[[ Dataset records, beginning ]]

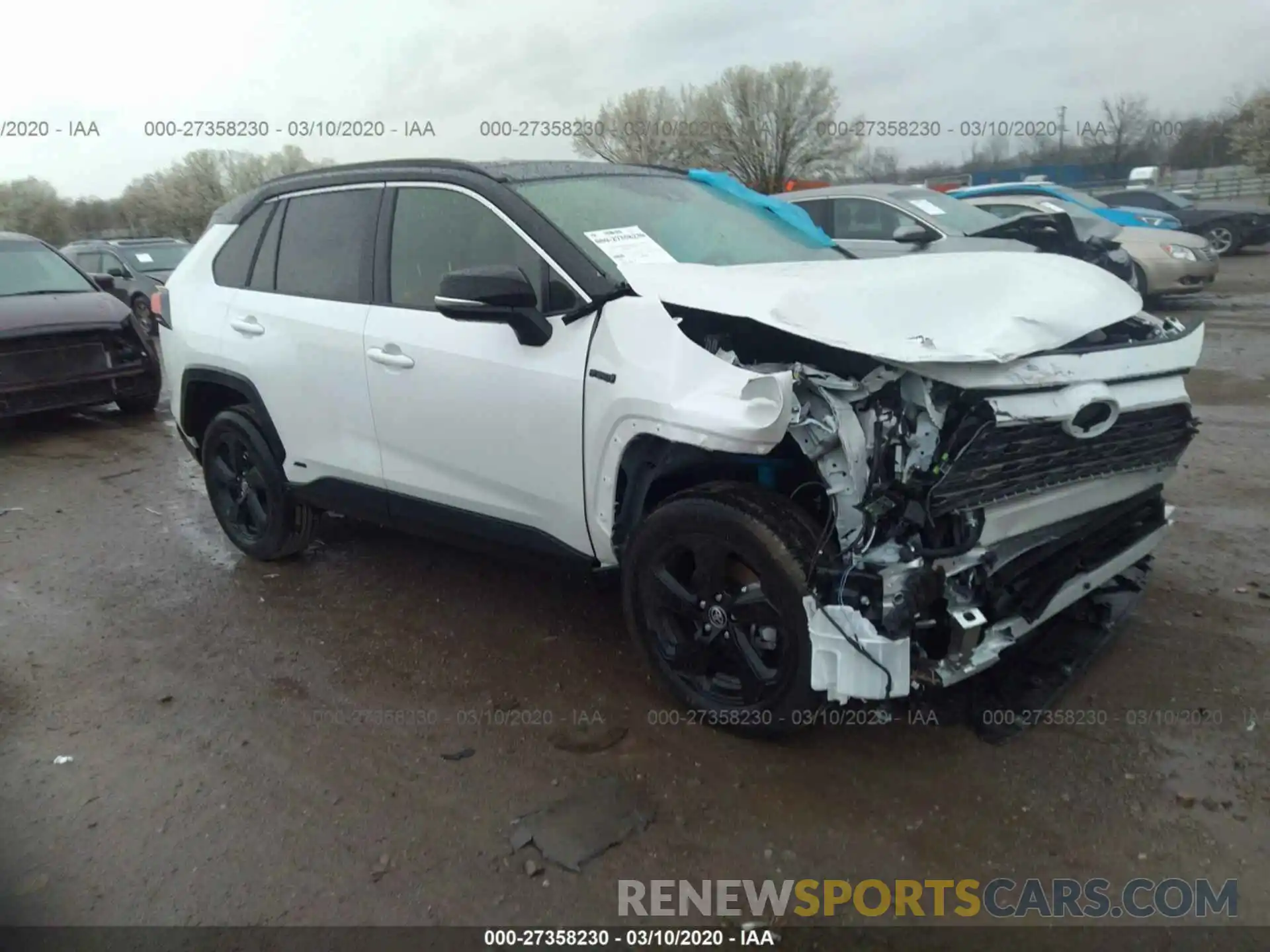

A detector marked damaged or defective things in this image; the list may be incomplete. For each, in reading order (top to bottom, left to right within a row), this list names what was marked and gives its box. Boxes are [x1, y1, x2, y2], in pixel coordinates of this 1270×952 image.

damaged dark red car [0, 233, 161, 418]
crumpled hood [619, 254, 1148, 365]
damaged front end of suv [591, 250, 1199, 726]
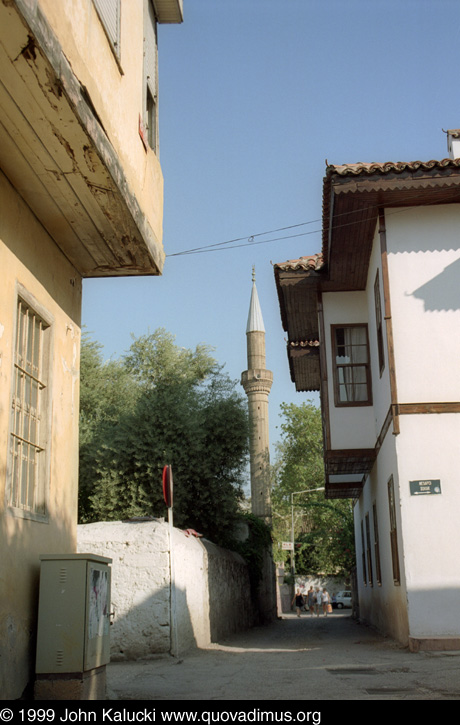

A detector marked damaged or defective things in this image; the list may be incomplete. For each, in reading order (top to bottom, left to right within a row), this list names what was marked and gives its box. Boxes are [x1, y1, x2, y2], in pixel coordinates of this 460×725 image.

peeling paint wall [77, 520, 253, 660]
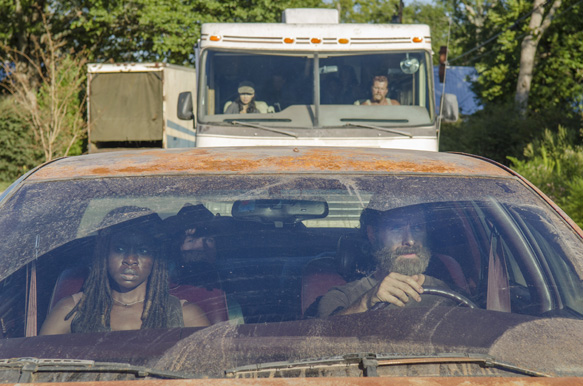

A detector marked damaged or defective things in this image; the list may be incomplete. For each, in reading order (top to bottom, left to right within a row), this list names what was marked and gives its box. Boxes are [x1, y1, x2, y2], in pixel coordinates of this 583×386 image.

rusty car roof [27, 147, 512, 182]
rust stain on roof [28, 148, 512, 181]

[[ Dataset records, end ]]

• [Exercise details] With the pictures set aside, copy each line above as written.

• [Answer box]
A detector marked damaged or defective things in this image; the list may be incomplete. For each, in reading order (top to bottom, left to right within a row), this list names what was marked and gives its box. Boxes are [x1, y1, x2, y2], in pixel coordinates of this 1270×952 image.

damaged dark red car [0, 233, 161, 418]
crumpled hood [619, 254, 1148, 365]
damaged front end of suv [591, 250, 1199, 726]

A detector marked damaged or defective things in this image; the list may be incomplete. For each, in reading order (top to bottom, left to right within a row), this list names what was marked and gives its box. Boxes are [x1, y1, x2, y2], in pixel coordinates of this 460×725 image.

peeling paint wall [77, 520, 253, 660]

A detector marked damaged or defective things in this image; the list may be incomplete. For each, in reading order (top to bottom, left to right within a row), this list names what was marked and gives its box. Boxes are [x1, y1, x2, y2], in pixel coordinates of this 583×386 image.

rusty car roof [27, 147, 512, 182]
rust stain on roof [28, 148, 512, 181]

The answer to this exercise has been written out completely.